Kamal aus Nepal (Bild: Lepra-Mission).

« Pourquoi mon fils ? »

Un hôpital offre à Kamal bien plus qu’une aide médicale

Dans une chambre de l’hôpital Anandaban, au Népal, Kamal, sept ans, est assis en silence, la tête enfouie dans ses mains. Le petit garçon ne comprend pas encore ce qui lui arrive. Pourtant, c’est ici qu’il trouvera la guérison. Contrairement à son village rural, où il a ressenti les regards insistants, entendu les chuchotements et constaté que sa maladie suscitait la peur.

Sur son visage, des taches visibles et des nodules cutanés révèlent son diagnostic : la lèpre.

À son âge, Kamal devrait jouer, apprendre et rêver. Au lieu de cela, il découvre qu’une telle maladie ne touche pas seulement le corps, mais entraîne aussi la honte et l’exclusion sociale.

Maudit par un dieu-serpent ?

Dans son village rural, la lèpre reste entourée de croyances et de peurs. Lorsque les premiers symptômes sont apparus, sa mère, Premila, l’a emmené chez un guérisseur traditionnel. Celui-ci lui a annoncé que son enfant était victime d’une malédiction jetée par un dieu-serpent.

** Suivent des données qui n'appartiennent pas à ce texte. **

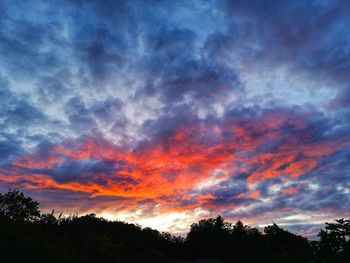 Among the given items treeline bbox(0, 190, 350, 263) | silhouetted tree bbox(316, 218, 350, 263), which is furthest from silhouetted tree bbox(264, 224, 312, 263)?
silhouetted tree bbox(316, 218, 350, 263)

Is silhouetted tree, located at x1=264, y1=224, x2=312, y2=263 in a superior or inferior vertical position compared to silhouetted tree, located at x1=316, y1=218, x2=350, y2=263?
superior

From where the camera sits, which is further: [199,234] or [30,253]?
[199,234]

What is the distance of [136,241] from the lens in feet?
90.5

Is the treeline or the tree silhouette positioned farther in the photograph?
the tree silhouette

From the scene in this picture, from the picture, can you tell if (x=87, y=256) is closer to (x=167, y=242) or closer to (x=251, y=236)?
(x=167, y=242)

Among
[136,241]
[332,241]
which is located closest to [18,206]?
[136,241]

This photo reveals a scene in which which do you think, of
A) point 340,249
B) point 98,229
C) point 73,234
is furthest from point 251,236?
point 340,249

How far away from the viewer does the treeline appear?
43.2 ft

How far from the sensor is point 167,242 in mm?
30203

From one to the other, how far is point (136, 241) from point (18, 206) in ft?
36.8

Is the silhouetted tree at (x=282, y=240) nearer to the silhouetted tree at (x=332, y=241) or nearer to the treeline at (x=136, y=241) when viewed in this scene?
the treeline at (x=136, y=241)

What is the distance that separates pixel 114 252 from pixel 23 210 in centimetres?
1364

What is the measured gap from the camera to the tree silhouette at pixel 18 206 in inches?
1141

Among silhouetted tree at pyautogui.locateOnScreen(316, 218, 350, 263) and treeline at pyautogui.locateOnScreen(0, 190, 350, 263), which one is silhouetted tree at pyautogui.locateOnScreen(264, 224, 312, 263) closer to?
treeline at pyautogui.locateOnScreen(0, 190, 350, 263) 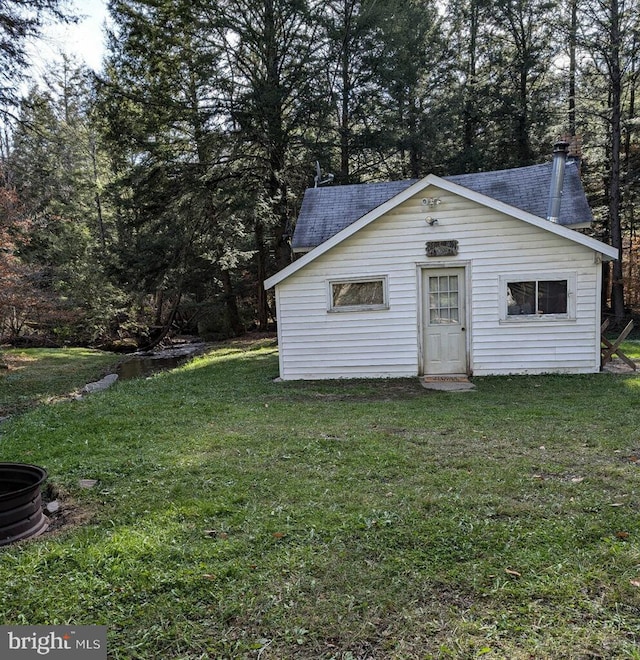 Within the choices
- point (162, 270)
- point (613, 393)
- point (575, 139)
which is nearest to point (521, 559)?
point (613, 393)

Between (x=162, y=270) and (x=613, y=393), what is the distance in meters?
14.6

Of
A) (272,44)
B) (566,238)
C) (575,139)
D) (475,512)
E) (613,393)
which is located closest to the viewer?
(475,512)

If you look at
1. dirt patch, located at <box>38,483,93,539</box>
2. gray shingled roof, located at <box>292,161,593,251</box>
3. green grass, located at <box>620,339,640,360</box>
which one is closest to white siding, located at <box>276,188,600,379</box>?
gray shingled roof, located at <box>292,161,593,251</box>

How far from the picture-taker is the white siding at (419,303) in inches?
351

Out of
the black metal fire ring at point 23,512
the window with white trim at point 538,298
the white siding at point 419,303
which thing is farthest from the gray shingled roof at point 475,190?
the black metal fire ring at point 23,512

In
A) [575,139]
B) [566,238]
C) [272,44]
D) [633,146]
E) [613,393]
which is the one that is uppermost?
[272,44]

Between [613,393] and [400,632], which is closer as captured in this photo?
[400,632]

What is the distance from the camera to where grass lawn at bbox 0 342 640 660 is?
2225 millimetres

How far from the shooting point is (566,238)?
8672 mm

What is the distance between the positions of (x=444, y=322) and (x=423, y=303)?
0.59 m

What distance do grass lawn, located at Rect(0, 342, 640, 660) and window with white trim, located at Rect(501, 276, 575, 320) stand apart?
11.1ft

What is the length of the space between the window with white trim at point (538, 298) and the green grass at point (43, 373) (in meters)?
9.61

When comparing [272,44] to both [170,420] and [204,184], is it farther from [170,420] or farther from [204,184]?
[170,420]

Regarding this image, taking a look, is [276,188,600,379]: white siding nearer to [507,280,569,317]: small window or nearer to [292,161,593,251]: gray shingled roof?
[507,280,569,317]: small window
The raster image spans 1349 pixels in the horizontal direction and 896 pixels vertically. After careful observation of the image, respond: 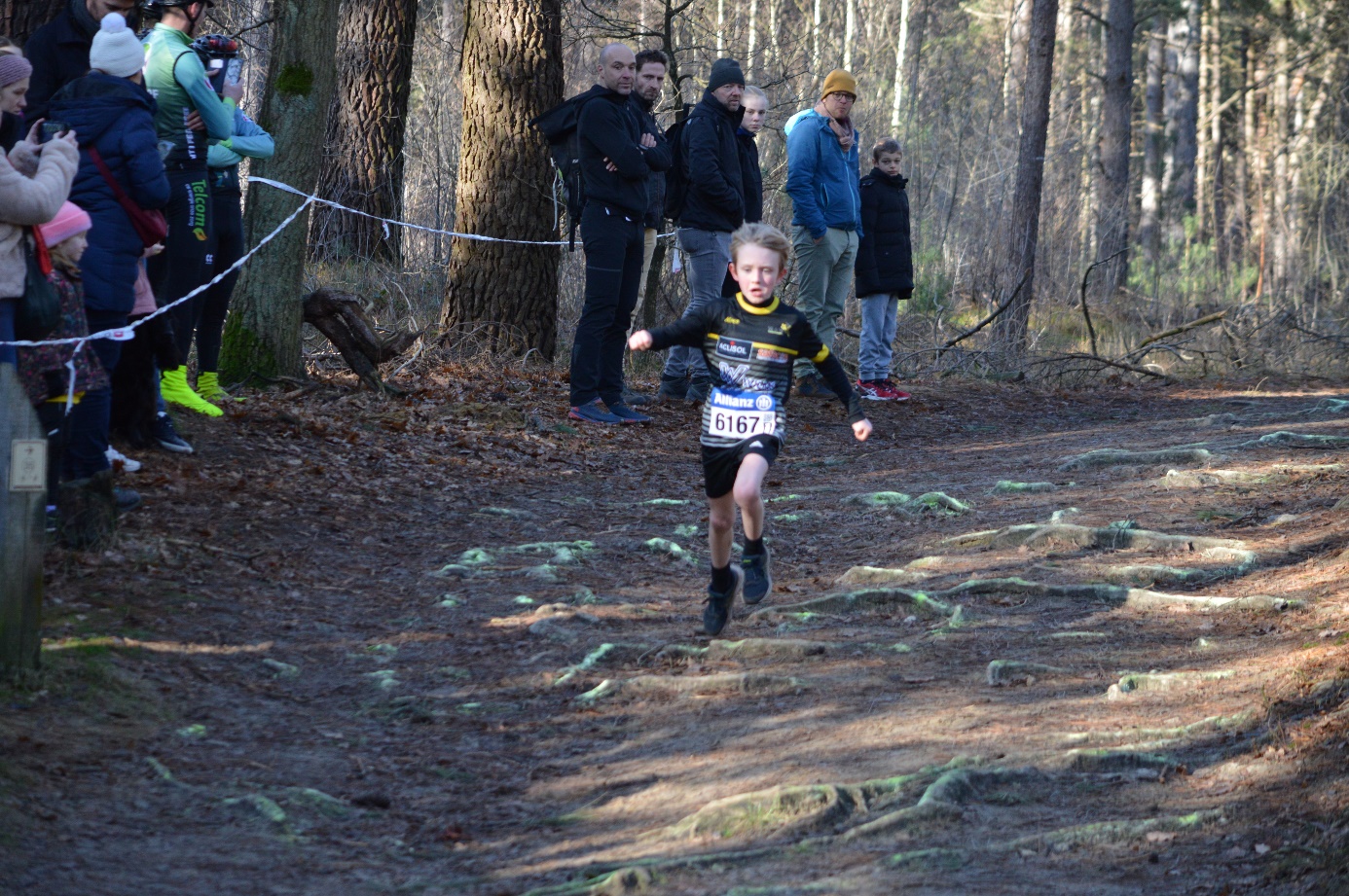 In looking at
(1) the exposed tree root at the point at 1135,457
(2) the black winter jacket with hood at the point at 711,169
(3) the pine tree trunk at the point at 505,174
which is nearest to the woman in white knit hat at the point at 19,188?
(2) the black winter jacket with hood at the point at 711,169

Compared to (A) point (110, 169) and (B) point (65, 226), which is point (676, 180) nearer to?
(A) point (110, 169)

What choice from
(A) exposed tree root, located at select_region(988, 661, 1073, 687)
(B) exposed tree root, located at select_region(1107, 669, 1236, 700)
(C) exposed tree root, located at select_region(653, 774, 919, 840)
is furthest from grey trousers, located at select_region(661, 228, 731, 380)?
(C) exposed tree root, located at select_region(653, 774, 919, 840)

Cette déclaration a plongé la famille dans une profonde angoisse. Prières, rituels et offrandes se sont succédé, sans le moindre résultat. Pendant ce temps, Kamal ne comprenait pas ce qui se passait. Pourquoi allait-on au temple ? Qu’avait-il fait de mal ?

La stigmatisation a commencé bien avant le diagnostic médical. Les regards des autres, les rumeurs et l’idée d’une « malédiction » ont isolé la famille. Cette exclusion constitue l’une des blessures les plus profondes causées par la lèpre : elle détruit les liens sociaux, parfois même les liens familiaux.

Une famille entière rejetée

La maladie n’épargne pas non plus l’entourage. Le père de Kamal avait lui-même souffert de la lèpre et avait caché ses symptômes pendant des années, par peur d’être rejeté. Mais lorsque Kamal est tombé malade à son tour, la situation s’est aggravée.

Premila a dû laisser ses deux autres enfants derrière elle pour accompagner son fils à l’hôpital. Aucun membre de la famille n’a accepté de s’occuper d’eux.

« Ils ne voulaient plus rien avoir à faire avec nous », raconte-t-elle. « Nous ne sommes plus leur famille. »

Ce rejet montre à quel point la lèpre reste associée à la peur et à l’exclusion. Pour Kamal, cela signifie grandir dans un environnement où la maladie conduit à l’abandon et à la solitude.

L’hôpital spécialisé dans la lèpre : un lieu de soins et de dignité

Finalement, Kamal a trouvé de l’aide à l’hôpital Anandaban de Mission Lèpre. Le diagnostic correct y a été posé rapidement et il a été accueilli sans jugement.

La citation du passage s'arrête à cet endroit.